Cartoon Crossroads Columbus (CXC), a nonprofit arts organization in Columbus, Ohio, marked the conclusion of its third annual festival, held September 28 to October 1, with a brief report on attendance, awards and forthcoming show events.
"Attendance for CXC surged in most categories in 2017," said Executive Director Tom Spurgeon. "Our biggest gains were in programming, where we met attendance goals in 80 percent of our panels, up from just under half in 2016.
"Our Chris Ware keynote interview moderated by Caitlin McGurk in support of Ware's new book Monograph and the preview screening of My Friend Dahmer with artist Derf in attendance answering questions filled our venue — with tremendous demand for the screening leading to hundreds of people on the waitlist. We were also Standing Room Only for our Cartooning in the Time of Trump panel on Saturday with Ann Telnaes, Signe Wilkinson and Nate Beeler, and our new Kids programming bloc on Sunday exceeded expectations."
"Our Expo overall gained significantly attendance-wise on Saturday and held on Sunday last year to this one, and it was a buying crowd," continued Spurgeon. "Our tracked half-dozen model exhibitors marked out at about 20 percent gains over last year; some veterans of the convention scene had best-ever days."
The 2018 festival featured three awards.
CXC's Master Cartoonist Award was given out on Friday to Kyle Baker. Joining Baker onstage during a break in the Billy Ireland Cartoon Library & Museum's 40th anniversary reception was Howard Cruse, awarded the CXC Transformative Work Award for his groundbreaking, autobiographically-informed 1995 graphic novel Stuck Rubber Baby. On Saturday, on the Expo Floor, the CXC Emerging Talent Award was given to Kat Fajardo. The Emerging Talent winner receives a $7500 cash prize provided by Jeff Smith and Vijaya Iyer.
Kyle Baker is one of the most facile drawing and writing talents to every work in cartooning. his early work Why I Hate Saturn was named to The Comics Journal's Top 100 list of 20th Century Comics. Baker's graphic novels and serialized independent work such as Saturn, The Cowboy Wally Show, You Are Here, King David, and The Bakers have made him a leading light in art comics. He has also enjoyed a parallel career as a mainstream craftsman working at the highest level, creating memorable runs and contributing to the mythos of characters such as Captain America, The Shadow, Hawkman, Plastic Man and Deadpool.
"Baker's ability to effortlessly slip between serious and silly with equal facility makes him a unique talent in the history of comics, one who work deserves far greater scrutiny and study," says critic Robert Clough.
Howard Cruse is an underground comix legend known for his groundbreaking work on series such as Barefootz and Wendel. Stuck Rubber Baby is his first and only major graphic novel. Its sobering yet hopeful take on a gay man's struggle with personal identity against the backdrop of the Civil Rights movement made it one of the most honored books of the 1990s. It further served as a clarion call that any artist at any stage in their career could complete a major work and that the underground generation in particular had many stories left to tell. Stuck Rubber Baby remains current with today's creators as a key autobiographically informed work and as a testament to Cruse's herculean efforts to see the book to completion.

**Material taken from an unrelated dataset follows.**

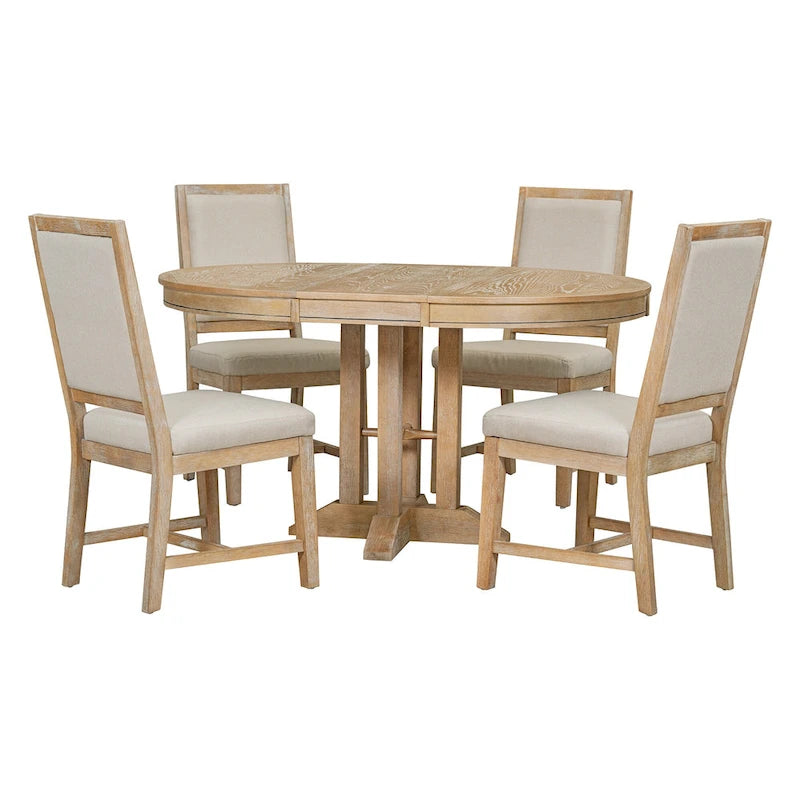 Ensembles de table et chaises de salle à manger rustiques, ensembles de table et chaises rondes extensibles avec plateau réglable pour salle à manger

Kat Fajardo is a Brooklyn-based cartoonist who received an education in comics and cartoon-making at SVA, where she worked with teachers and working cartoonists including most memorably for her Jessica Abel. Fajardo has split her recent professional time between expression and editorial advocacy related to lifting up her Latinx heritage while at the same time finding professional illustration and commercial kids comics work. Fajardo is a former CBLDF volunteer who has since worked with the Fund, and is described by her peers as both "giving" and "relentless." She received a rousing ovation from the comics-makers in attendance. Ms. Fajardo was a special guest at this year's show of CXC sister show SOL-CON, working with the Billy Ireland Cartoon Library & Museum.
All three artists received an award crafted by Columbus artist Nichole Vitchner, with an assist by Tom Gaadt.
CXC has also announced firm dates for its 2018 show and a pair of tentative dates for intitial steps in the pre-show process.
CXC 2018 will be held September 27-30 of that year, with a launch program and affiliated events possible in the days leading up to show itself.
The 2018 festival is set to continue the basic format of the 2016 and 2017 CXCs. This means an array of events up on OSU campus Thursday the 27th and Friday the 28th, and then a curated comics Expo featuring 100 tables in the downtown branch of CML with satellite events on the weekend days, the 29th and 30th.
The announcement of the first six guests for CXC 2018 is currently planned for December 1 and exhibitor applications should open February 1st, 2018.